(MATERIAL FOR THIS EXERCISE)
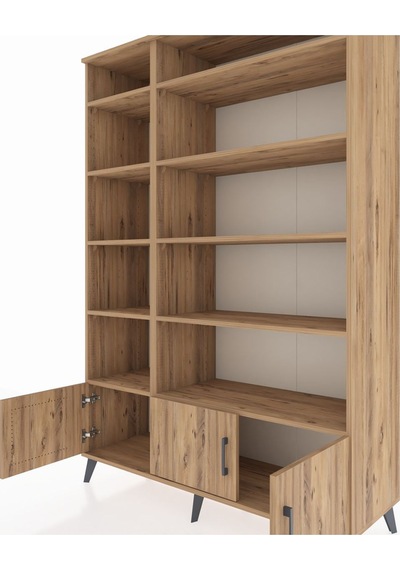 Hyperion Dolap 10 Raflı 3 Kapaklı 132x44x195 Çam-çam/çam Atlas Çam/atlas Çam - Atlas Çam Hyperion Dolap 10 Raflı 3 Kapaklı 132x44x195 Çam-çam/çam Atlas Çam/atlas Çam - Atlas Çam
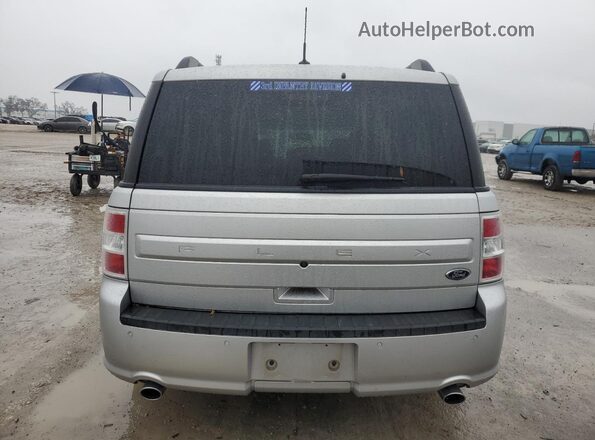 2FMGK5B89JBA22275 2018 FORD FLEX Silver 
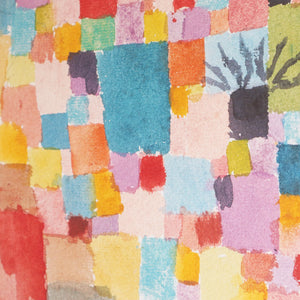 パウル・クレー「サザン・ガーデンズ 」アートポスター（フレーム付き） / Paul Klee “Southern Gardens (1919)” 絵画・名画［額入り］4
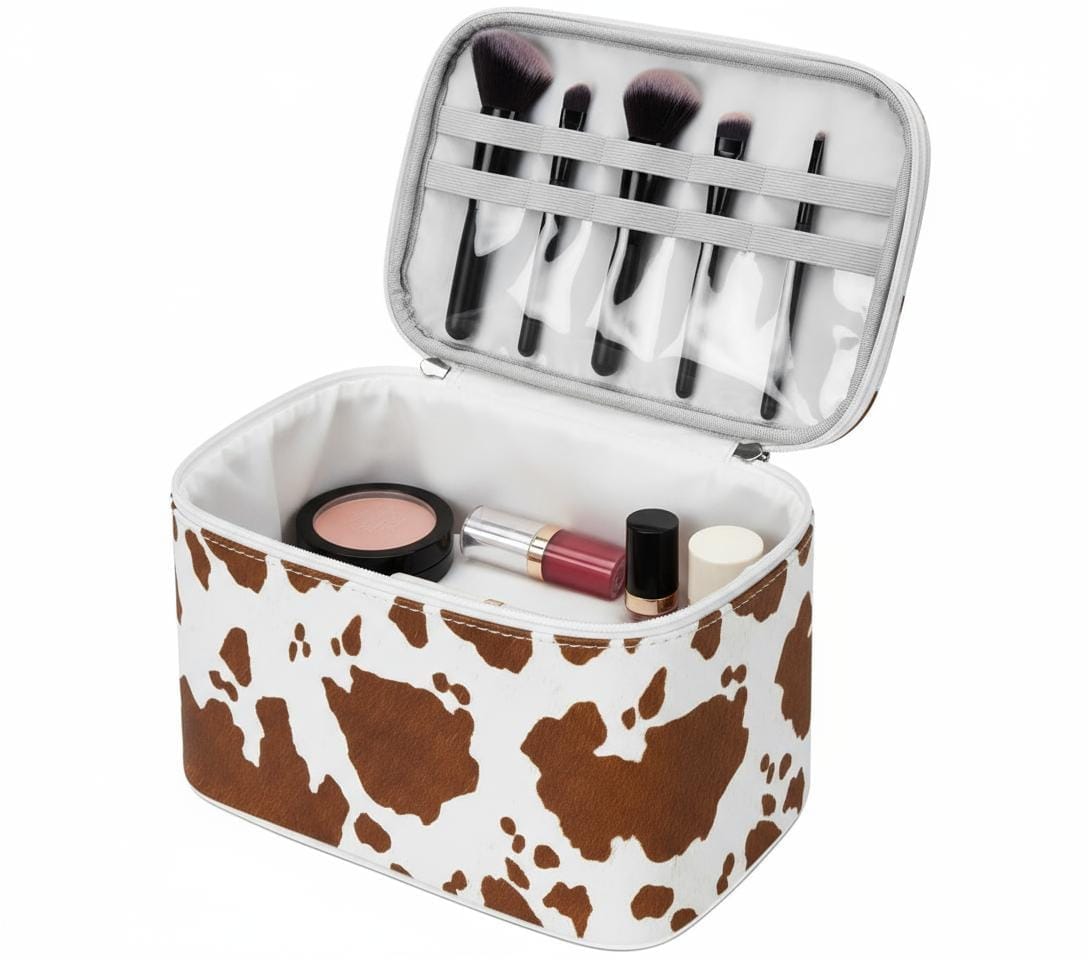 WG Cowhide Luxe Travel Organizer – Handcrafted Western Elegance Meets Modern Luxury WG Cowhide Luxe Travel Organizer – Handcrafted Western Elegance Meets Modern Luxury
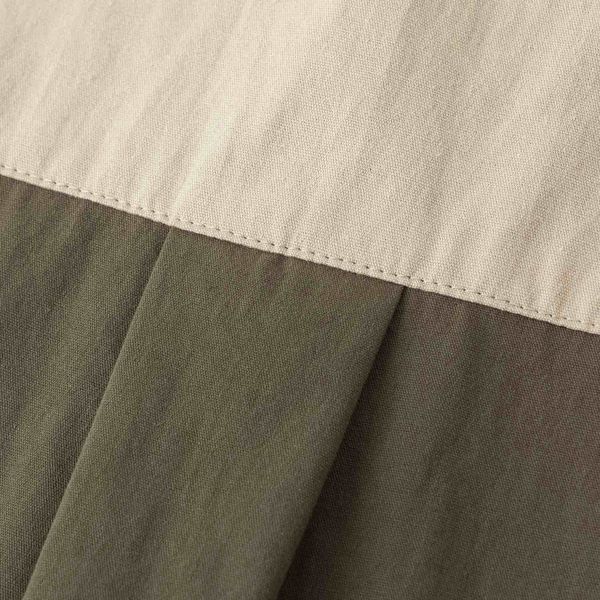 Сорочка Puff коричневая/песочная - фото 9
(End MATERIAL FOR THIS EXERCISE)
▶ TO DO
Return all the lines above exactly; none of the pictures should appear.

▶ ANSWER BOX
 Hyperion Dolap 10 Raflı 3 Kapaklı 132x44x195 Çam-çam/çam Atlas Çam/atlas Çam - Atlas Çam Hyperion Dolap 10 Raflı 3 Kapaklı 132x44x195 Çam-çam/çam Atlas Çam/atlas Çam - Atlas Çam
 2FMGK5B89JBA22275 2018 FORD FLEX Silver 
 パウル・クレー「サザン・ガーデンズ 」アートポスター（フレーム付き） / Paul Klee “Southern Gardens (1919)” 絵画・名画［額入り］4
 WG Cowhide Luxe Travel Organizer – Handcrafted Western Elegance Meets Modern Luxury WG Cowhide Luxe Travel Organizer – Handcrafted Western Elegance Meets Modern Luxury
 Сорочка Puff коричневая/песочная - фото 9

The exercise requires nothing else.